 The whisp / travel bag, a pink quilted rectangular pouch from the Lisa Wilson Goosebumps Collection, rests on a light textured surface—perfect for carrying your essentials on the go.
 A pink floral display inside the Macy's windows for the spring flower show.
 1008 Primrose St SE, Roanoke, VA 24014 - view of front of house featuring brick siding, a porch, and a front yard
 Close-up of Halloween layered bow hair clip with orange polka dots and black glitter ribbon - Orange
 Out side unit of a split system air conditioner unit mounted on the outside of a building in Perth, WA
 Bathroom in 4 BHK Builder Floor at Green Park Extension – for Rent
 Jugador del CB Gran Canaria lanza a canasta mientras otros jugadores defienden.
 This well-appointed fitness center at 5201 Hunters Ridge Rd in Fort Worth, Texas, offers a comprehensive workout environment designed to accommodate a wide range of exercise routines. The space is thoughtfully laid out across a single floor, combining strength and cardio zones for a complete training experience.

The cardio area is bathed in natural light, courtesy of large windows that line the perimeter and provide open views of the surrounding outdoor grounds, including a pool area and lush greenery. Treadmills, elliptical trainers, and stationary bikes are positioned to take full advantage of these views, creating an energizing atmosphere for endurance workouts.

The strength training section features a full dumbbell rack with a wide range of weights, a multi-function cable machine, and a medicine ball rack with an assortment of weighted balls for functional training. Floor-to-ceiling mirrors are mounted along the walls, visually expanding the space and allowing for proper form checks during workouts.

= = = =

## Your goal:
Everything from the first line above through the line that contains "Jugador del CB" should be duplicated exactly, please, and nothing beyond it.

## Reply to the task:
 The whisp / travel bag, a pink quilted rectangular pouch from the Lisa Wilson Goosebumps Collection, rests on a light textured surface—perfect for carrying your essentials on the go.
 A pink floral display inside the Macy's windows for the spring flower show.
 1008 Primrose St SE, Roanoke, VA 24014 - view of front of house featuring brick siding, a porch, and a front yard
 Close-up of Halloween layered bow hair clip with orange polka dots and black glitter ribbon - Orange
 Out side unit of a split system air conditioner unit mounted on the outside of a building in Perth, WA
 Bathroom in 4 BHK Builder Floor at Green Park Extension – for Rent
 Jugador del CB Gran Canaria lanza a canasta mientras otros jugadores defienden.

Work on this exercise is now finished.